Matthieu the toucan is mascot of Sofitel Santa Clara. Unlike the building that houses this luxury hotel in Cartagena, Colombia, no-one knows how old Matthieu is. He lives in the lush garden – a Rousseau delight that includes 40-foot palms – that occupies most of the central courtyard of this divine former convent, opened 1621 for the Clarisa nuns, established by Doña Catalina de Cabrera in 1612.
The open courtyard and its surrounding cloister also offer cool places for morning coffee – the adjacent all-day restaurant, which you enter over a glass-topped mediaeval well, looks out over the 60-foot turquoise-blue pool.
The gal’s favourite rooms at this 122-room hotel, converted by its owners, led by local architect José Alvaro Arias of Arias, Serna & Saravia, are those on the top floor facing across the Old Town’s limestone walls and Avenida Santander to the Caribbean.
501, where I stayed last century (true, on February 20th, 1999) is being transformed into a mega suite, all of 2,500 sq ft, plus the same size private terrace with a hot tub and oh, that aforementioned view.
Also coming up is a Botero Suite, themed for Colombia’s most famous living artist, the Medellin-born sculptor Fernando Botero.
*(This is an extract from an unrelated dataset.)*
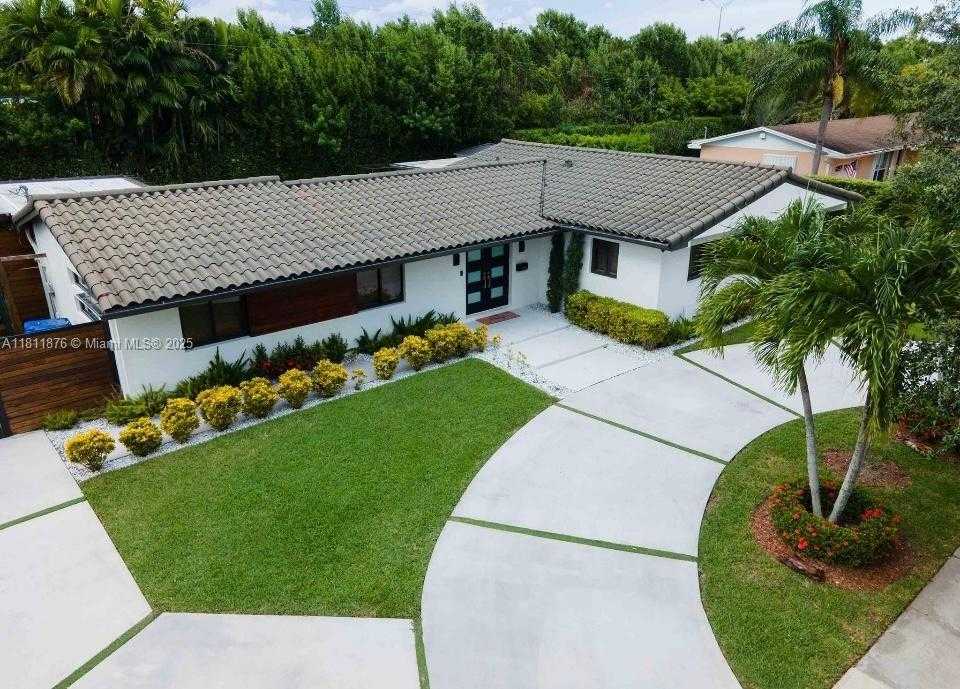 Small Image of 8799 SOUTH WEST 80TH ST, Miami Number 3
His daughter Lina Botero is doing the interiors.
The sculptures around the hotel right now are also modern, but by other artists. The ‘working sculpture’ in the recently-unveiled wine cellar of the hotel’s 1621 restaurant is not anonymous.
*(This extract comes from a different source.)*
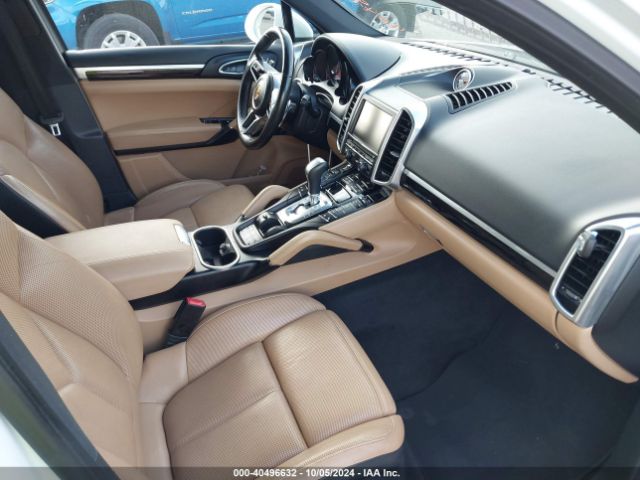 WP1AF2A22GKA44528 Porsche Cayenne Diesel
It is a Berkel slicer, the only one in Colombia. It stands supreme, surrounded by glass-fronted cabinets holding over 250 different wines, and others containing French cheeses at exactly the right temperature, and whole black-pig Cerdo Negro hams from Spain.
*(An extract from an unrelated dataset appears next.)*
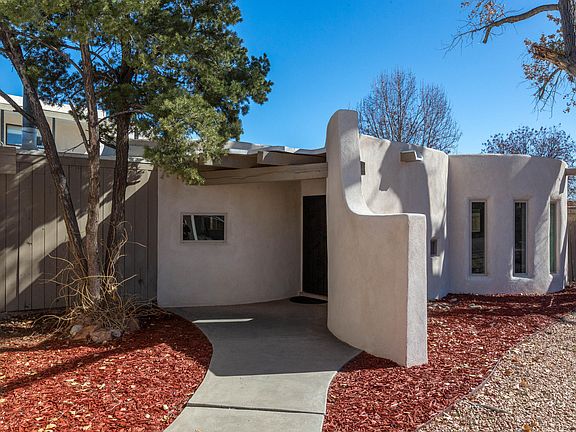 5th image of 3212 Calle De Estella NW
The hotel’s Brittany-born General Manager, Richard Launay, has recently arrived from Sofitel’s Old Cataract Hotel in Aswan (which I also visited last century). He, too, wanted a tour of Cartagena’s Old Town, so we installed guide Theresa, who learned her superb English at the George Washington school here in Cartagena, in one of the town’s famous horse-drawn carriages and off we set for local enlightenment.